One black nationalist mantra speaks of freedom fighters and revolutionaries dying for the people, but in contrast Carson lived for the people, and whether or not one agreed with his methods, Carson was motivated by genuine love and concern for the well-being of the brothers and sisters, young and old, with whom he shared a common background.
One would only have to spend a day at his basement office at Restoration Plaza to grasp the pivotal role that Carson played in the sociopolitical economy of Bedford-Stuyvesant and, by extension, the black community at large. Carson was the elder statesman, the tribal counselor, and the warrior king adorned, staff in hand, in regal Afrocentric garments as he held court and weighed in on matters from the most trivial of domestic affairs to issues of great import to the black diaspora.

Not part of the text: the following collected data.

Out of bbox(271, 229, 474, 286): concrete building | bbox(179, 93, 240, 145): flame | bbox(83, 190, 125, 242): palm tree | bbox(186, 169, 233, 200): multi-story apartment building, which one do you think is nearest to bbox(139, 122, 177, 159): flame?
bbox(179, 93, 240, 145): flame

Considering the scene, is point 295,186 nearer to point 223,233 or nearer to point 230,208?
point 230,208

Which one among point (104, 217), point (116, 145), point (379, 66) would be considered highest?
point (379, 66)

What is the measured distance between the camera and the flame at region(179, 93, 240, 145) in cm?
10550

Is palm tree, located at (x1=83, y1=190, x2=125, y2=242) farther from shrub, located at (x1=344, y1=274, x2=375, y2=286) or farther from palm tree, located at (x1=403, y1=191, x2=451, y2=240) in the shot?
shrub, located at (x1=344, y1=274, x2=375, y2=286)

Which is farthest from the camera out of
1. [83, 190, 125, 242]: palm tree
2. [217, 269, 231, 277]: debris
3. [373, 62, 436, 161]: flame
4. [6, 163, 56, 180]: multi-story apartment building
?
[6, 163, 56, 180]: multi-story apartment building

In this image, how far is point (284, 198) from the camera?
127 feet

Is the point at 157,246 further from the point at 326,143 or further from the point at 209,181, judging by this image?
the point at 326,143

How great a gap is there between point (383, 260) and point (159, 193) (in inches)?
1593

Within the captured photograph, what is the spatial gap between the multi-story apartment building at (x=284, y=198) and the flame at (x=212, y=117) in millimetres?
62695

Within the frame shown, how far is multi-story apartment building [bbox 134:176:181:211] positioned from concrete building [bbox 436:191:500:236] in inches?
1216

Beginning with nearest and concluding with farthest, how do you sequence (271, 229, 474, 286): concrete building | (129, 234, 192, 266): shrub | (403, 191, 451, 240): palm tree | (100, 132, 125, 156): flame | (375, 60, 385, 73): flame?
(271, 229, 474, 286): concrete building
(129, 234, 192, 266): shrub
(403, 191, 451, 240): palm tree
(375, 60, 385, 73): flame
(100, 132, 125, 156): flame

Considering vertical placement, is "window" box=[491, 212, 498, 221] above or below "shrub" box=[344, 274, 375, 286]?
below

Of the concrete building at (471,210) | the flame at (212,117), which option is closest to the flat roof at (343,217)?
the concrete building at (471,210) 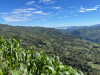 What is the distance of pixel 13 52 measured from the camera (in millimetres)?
4195

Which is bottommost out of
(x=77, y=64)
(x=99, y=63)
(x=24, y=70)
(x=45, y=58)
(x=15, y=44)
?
(x=99, y=63)

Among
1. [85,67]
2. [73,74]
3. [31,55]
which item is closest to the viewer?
[73,74]

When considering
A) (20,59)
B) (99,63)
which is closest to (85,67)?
(99,63)

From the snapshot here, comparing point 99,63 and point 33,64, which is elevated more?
point 33,64

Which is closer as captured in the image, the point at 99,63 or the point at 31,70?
the point at 31,70

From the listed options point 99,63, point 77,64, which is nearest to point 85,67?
point 77,64

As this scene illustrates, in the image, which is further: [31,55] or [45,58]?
[31,55]

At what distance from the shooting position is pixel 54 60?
12.0 ft

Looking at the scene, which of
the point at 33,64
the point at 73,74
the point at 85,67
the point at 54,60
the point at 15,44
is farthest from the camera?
the point at 85,67

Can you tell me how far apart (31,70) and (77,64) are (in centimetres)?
12178

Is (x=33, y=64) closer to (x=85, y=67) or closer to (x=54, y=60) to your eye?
(x=54, y=60)

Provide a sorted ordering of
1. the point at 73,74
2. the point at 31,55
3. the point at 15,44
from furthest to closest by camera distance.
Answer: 1. the point at 15,44
2. the point at 31,55
3. the point at 73,74

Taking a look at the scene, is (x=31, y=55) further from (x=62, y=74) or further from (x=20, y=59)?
(x=62, y=74)

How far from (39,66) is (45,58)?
0.39 metres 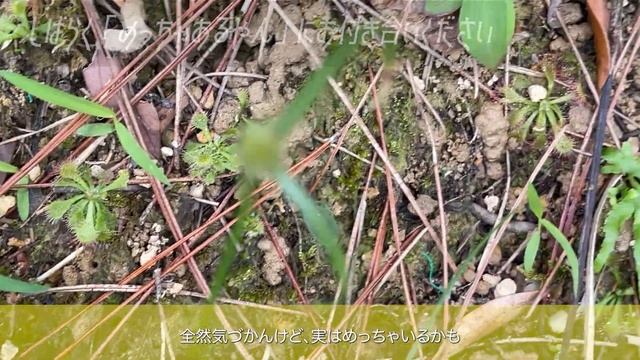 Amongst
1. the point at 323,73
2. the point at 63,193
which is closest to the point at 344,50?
the point at 323,73

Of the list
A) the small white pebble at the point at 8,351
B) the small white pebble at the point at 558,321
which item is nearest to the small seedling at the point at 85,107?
the small white pebble at the point at 8,351

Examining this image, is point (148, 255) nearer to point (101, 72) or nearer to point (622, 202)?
point (101, 72)

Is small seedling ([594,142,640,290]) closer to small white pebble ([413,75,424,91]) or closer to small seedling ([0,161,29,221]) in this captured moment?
small white pebble ([413,75,424,91])

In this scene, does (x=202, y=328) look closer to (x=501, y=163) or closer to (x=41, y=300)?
(x=41, y=300)

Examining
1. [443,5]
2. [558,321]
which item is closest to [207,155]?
[443,5]

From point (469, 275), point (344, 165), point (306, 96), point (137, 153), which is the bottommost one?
point (469, 275)

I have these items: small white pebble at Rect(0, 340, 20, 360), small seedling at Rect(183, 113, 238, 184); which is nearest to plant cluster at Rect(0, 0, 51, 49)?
small seedling at Rect(183, 113, 238, 184) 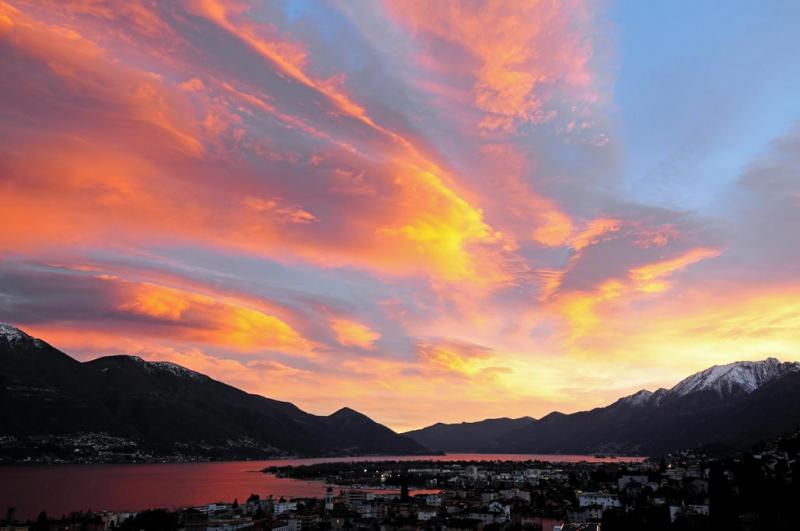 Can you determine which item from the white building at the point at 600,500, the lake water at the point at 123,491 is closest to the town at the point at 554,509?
the white building at the point at 600,500

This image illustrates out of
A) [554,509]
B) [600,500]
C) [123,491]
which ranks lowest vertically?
[123,491]

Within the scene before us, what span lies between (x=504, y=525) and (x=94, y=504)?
202ft

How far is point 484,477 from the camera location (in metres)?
143

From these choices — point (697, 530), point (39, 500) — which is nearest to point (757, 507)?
point (697, 530)

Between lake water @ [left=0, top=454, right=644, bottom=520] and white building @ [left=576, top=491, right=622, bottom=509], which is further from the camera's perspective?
lake water @ [left=0, top=454, right=644, bottom=520]

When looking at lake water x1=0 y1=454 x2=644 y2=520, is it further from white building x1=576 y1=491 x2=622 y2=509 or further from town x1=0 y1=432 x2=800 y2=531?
white building x1=576 y1=491 x2=622 y2=509

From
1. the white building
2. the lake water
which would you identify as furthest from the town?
the lake water

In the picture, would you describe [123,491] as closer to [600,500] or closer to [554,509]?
[554,509]

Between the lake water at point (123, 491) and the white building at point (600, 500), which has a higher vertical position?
the white building at point (600, 500)

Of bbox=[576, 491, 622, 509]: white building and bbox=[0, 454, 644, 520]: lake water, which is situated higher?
bbox=[576, 491, 622, 509]: white building

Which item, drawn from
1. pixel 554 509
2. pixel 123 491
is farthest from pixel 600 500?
pixel 123 491

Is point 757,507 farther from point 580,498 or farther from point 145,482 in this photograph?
point 145,482

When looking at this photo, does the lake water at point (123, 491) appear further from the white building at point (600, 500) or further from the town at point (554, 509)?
the white building at point (600, 500)

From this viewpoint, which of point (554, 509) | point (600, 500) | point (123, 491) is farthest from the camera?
point (123, 491) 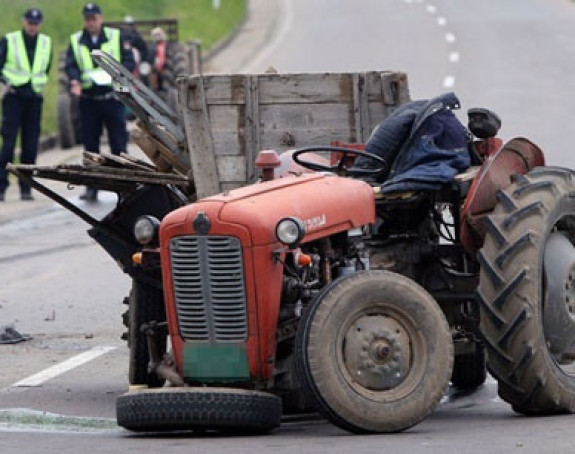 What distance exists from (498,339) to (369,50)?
31500 mm

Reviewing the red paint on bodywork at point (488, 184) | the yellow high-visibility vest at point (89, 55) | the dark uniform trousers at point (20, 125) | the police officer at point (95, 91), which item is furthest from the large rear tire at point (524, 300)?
the dark uniform trousers at point (20, 125)

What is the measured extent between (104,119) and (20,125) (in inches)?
41.7

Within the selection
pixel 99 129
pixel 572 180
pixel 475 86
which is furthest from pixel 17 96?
pixel 572 180

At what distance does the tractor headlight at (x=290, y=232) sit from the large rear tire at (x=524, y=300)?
1064mm

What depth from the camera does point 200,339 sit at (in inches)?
361

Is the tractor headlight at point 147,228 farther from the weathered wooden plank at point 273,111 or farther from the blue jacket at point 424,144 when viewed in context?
the weathered wooden plank at point 273,111

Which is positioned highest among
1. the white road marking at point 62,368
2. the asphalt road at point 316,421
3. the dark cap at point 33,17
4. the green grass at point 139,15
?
the green grass at point 139,15

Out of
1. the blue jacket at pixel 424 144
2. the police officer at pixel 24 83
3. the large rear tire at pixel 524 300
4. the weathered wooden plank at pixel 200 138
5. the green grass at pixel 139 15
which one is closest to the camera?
the large rear tire at pixel 524 300

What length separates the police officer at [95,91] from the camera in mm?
24125

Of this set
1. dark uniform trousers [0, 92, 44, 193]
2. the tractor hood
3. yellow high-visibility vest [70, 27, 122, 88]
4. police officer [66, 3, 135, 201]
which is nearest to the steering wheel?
the tractor hood

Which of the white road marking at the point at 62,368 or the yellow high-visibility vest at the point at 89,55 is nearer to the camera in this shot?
the white road marking at the point at 62,368

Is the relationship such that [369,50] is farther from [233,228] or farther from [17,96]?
[233,228]

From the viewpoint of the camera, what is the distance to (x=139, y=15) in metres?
48.3

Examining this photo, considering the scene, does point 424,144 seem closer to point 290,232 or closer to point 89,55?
point 290,232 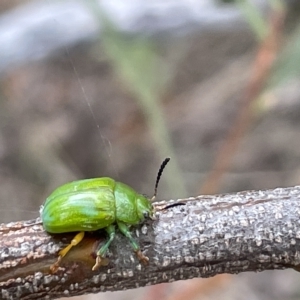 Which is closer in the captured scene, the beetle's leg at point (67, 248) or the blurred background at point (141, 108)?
the beetle's leg at point (67, 248)

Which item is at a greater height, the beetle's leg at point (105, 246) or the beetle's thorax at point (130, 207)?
the beetle's thorax at point (130, 207)

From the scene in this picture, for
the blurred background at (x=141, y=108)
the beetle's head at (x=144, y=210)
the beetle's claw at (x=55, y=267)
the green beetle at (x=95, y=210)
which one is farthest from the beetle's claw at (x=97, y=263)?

Carson, a district judge and founding member of the Republic of New Afrika, was deeply involved in the African Burial Ground project and recently participated in Emancipation Day ceremonies in Ghana, returning the bones of his runaway slave ancestor, navy sailor Samuel Carson, to the land of one of his greatest inspirations, Kwame Nkrumah, the father of modern Ghana. Along with his Committee to Honor Black Heroes, one of the many institutions that he helped create, Carson oversaw the renaming of Brooklyn streets after noteworthy African Americans, and when his health failed, he was in the process of fighting to rename Brooklyn's Fulton Street in tribute to Harriet Tubman. He was a stalwart supporter of slave reparations, helped establish both Medgar Evers College and the Restoration Plaza, which houses his office, and brought about the Black Men's Movement Against Crack, a direct-action initiative to shut down crack houses during the peak years of the drug epidemic. Carson was also instrumental in the creation of the December 12th Movement, an organization of African Americans and allies who fight against institutional racism. The December 12th Movement was named for a historic 1987 protest in Newburgh, New York, against police brutality.
Sonny Carson was also the father of Lumumba "Professor X" Carson of X-Clan/Blackwatch Movement fame who passed away Mar 17, 2006.